Exercise:
Below is a listing. Write out exactly its lines between the one holding "حسرتها و پرسشهای" and the one holding "Glamy - BG Bags - 725", inclusive.

Data in this exercise:

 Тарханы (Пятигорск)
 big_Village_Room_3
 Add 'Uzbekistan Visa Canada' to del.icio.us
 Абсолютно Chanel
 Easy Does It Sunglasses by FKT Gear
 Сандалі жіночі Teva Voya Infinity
...
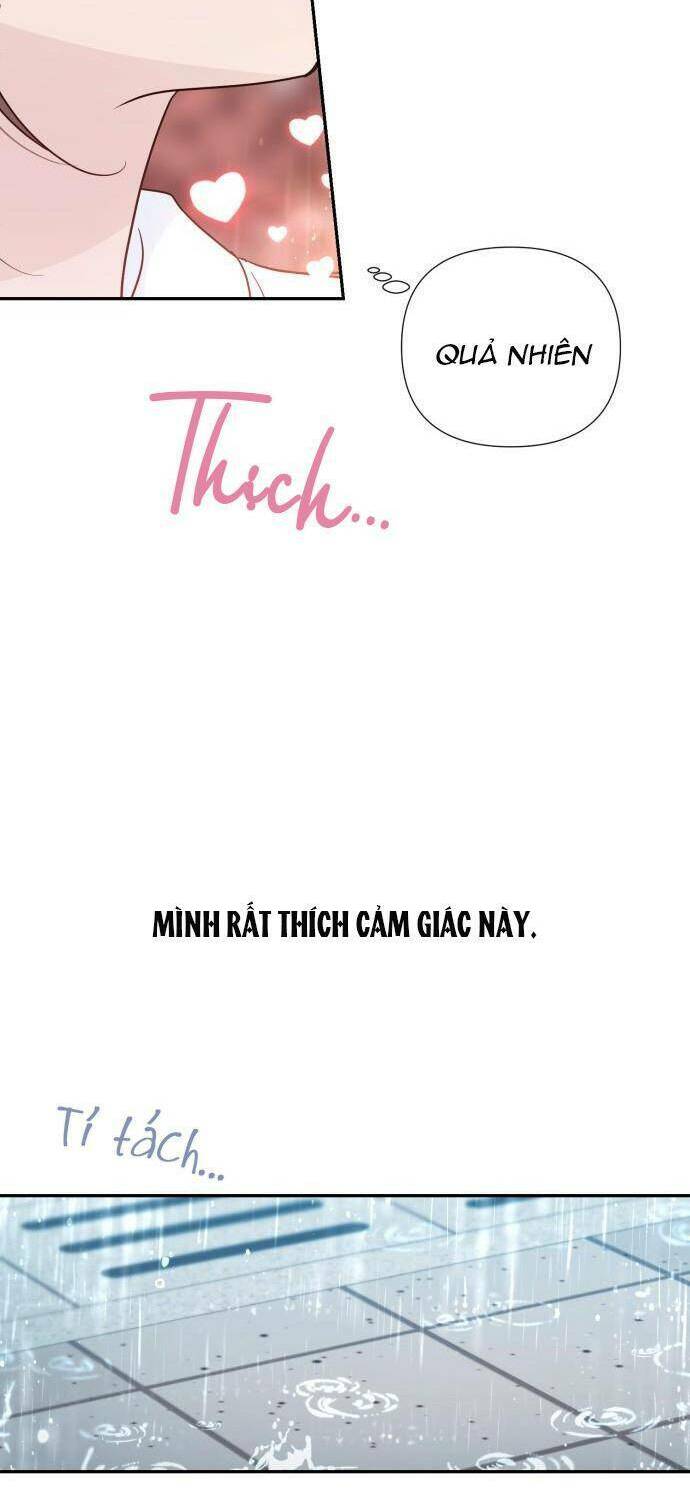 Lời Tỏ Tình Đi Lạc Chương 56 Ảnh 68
==
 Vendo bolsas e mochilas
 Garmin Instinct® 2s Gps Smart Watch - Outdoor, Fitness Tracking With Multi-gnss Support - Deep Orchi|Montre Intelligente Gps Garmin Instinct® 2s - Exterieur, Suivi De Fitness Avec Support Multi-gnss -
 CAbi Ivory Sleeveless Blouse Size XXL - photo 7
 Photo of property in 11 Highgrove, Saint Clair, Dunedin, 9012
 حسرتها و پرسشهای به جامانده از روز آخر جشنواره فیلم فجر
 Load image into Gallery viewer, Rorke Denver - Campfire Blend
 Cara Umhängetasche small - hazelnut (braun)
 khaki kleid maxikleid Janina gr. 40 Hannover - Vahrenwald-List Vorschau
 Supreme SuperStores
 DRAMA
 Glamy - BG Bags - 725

Task solution:
 حسرتها و پرسشهای به جامانده از روز آخر جشنواره فیلم فجر
 Load image into Gallery viewer, Rorke Denver - Campfire Blend
 Cara Umhängetasche small - hazelnut (braun)
 khaki kleid maxikleid Janina gr. 40 Hannover - Vahrenwald-List Vorschau
 Supreme SuperStores
 DRAMA
 Glamy - BG Bags - 725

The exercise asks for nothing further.